I would rather my essays for FPR attended to questions that more obviously addressed the interests, much less met with the approval, of those who would undertake the preservation and promotion of local culture, local agriculture, and livable urban and rural communities. But these things cannot be maintained on their own; important though they are in themselves, they have largely been destroyed through the libido dominandi that leads to the denaturing of the human person from orientation toward the one true happiness, and the deracination of human desire through the globalization of a state and marketplace that is in principle governed by amoral laws.

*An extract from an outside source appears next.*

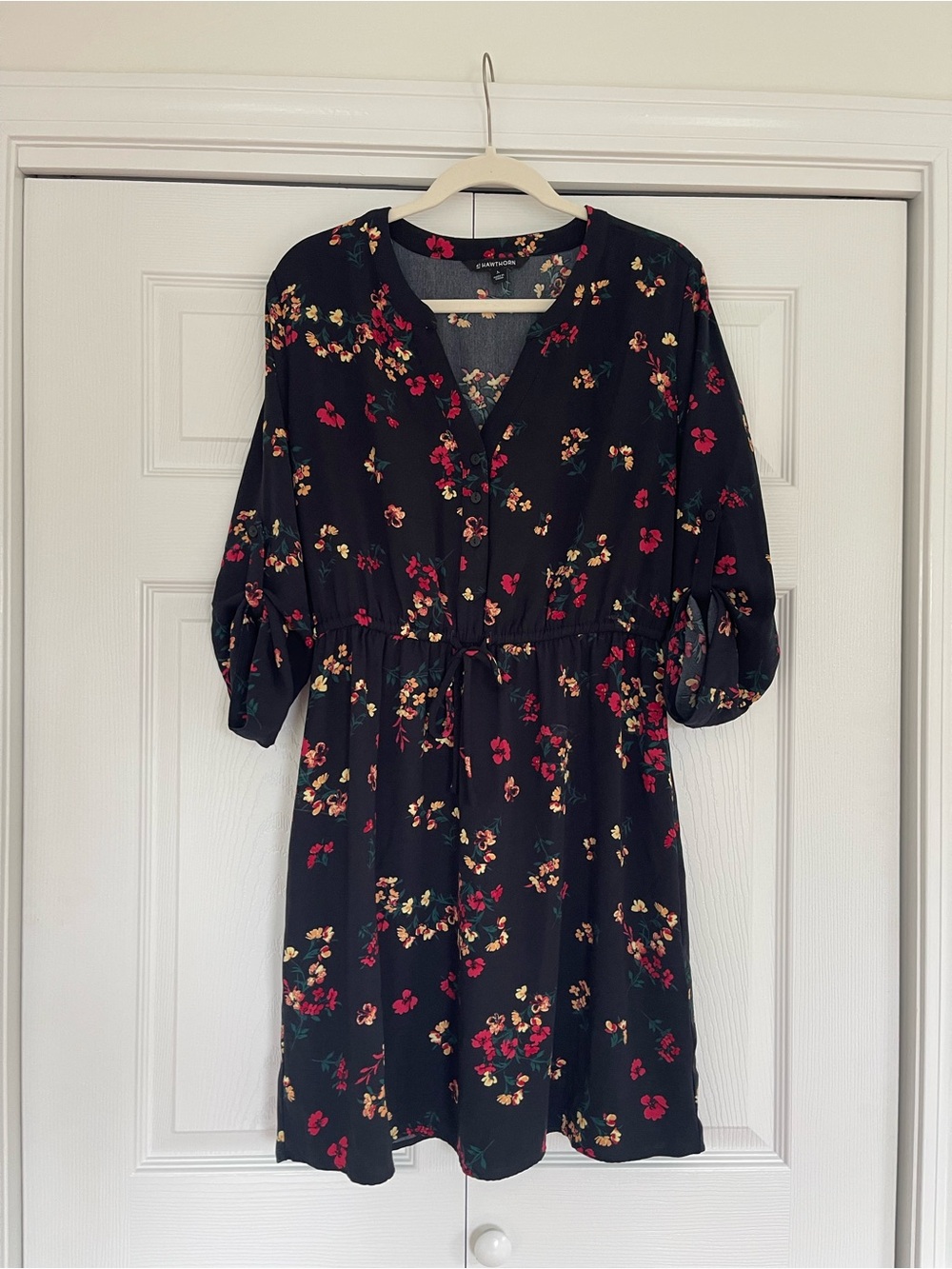 41 Hawthorn Black Midi Dress with Floral Print and Tie Waist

Unless we restore devotion to the foundational units of human existence — the family clan as moral arbitor and domestic church; the local parish as the oracle of God and the templum reserved for the contemplation of absolute truth; and the small community as the stage on which we fulfill the inveterate ambitions of our political natures by debating the nature of and means to the Good Life — then we may possess nothing else good in this life.
In losing these binding communal institutions, we may of course gain apparent goods. One can live in a world made to the order of one’s unbridled will for days or decades. And one can transfer one’s worship of the God of Order, Love and Justice to one of license, “fairness,” and “equality.” But we are all called to more than this as social animals and rational animals: as beings, in other words, made in the image of God and incapable of living well with anything less than a certain vision of the Trinity — those Persons who model for us what a real and perfect community looks like.

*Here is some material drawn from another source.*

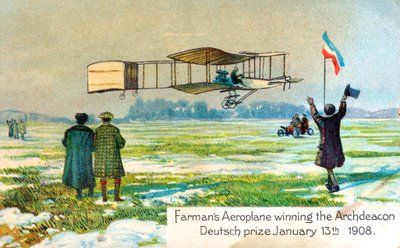 Henri Farman winning prize for first circular kilometre flight, Paris, Jan 1908 by Unbekannt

We are called to a condition of self-giving rather than one of wilfull domination. The most ancient wisdom has always taught us as much, but our age reveals us to be a distinguished people: one even less capable of learning from past wisdom than from the present truth of our rational souls and limited bodily natures. As we tarry in this condition, we spend the cultural capital of Christendom, and sooner or later we are, to paraphrase Maggie, going to “run out of other peoples’ cultural capital.”
Matthew Schmitz justly argues, in a new essay on the First Things site, that the significance of the events in New York and elsewhere lies not in the apparent victories of those who would destroy by redefining marriage. Such persons will not exactly be perpetuating their ways by having many children. The significance of the marriage debate, then, lies chiefly for those who are having children, who do believe in the meaning and moral significance of human life, and who care about perpetuating the great legacy of Christian culture. Such persons have the opportunity to respond to the outrages against vocabulary and nature by recovering the battered traditions of family, parish, and town. As a society declines, it is only the faithful remnant who prepare for its regeneration by finding new ways to give voice to ancient wisdom. Given that most Americans still believe, in principle, in the integrity of marriage and recognize, however vaguely, the costs of the sexual revolution, we have reason to hope that the seeds of such regeneration, given time, will take root and flourish.